In [None]:
# This Python 3 environment comes with many helpful analytics libraries installed
# It is defined by the kaggle/python Docker image: https://github.com/kaggle/docker-python
# For example, here's several helpful packages to load

import numpy as np # linear algebra
import pandas as pd # data processing, CSV file I/O (e.g. pd.read_csv)

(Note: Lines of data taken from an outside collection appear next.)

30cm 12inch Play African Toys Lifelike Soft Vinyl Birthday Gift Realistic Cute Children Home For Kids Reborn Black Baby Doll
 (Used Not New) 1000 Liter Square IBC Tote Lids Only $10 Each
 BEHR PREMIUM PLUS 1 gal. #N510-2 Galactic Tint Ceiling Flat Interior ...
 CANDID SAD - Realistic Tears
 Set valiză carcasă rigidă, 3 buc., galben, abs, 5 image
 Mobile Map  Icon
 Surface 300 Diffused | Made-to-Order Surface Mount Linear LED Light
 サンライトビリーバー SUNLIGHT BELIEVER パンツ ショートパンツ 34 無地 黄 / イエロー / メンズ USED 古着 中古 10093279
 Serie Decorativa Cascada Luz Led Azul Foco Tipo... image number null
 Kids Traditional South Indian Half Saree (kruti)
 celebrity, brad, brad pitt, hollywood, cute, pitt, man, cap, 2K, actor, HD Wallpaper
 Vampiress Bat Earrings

# Input data files are available in the read-only "../input/" directory
# For example, running this (by clicking run or pressing Shift+Enter) will list all files under the input directory

import os
for dirname, _, filenames in os.walk('/kaggle/input'):
    for filename in filenames:
        print(os.path.join(dirname, filename))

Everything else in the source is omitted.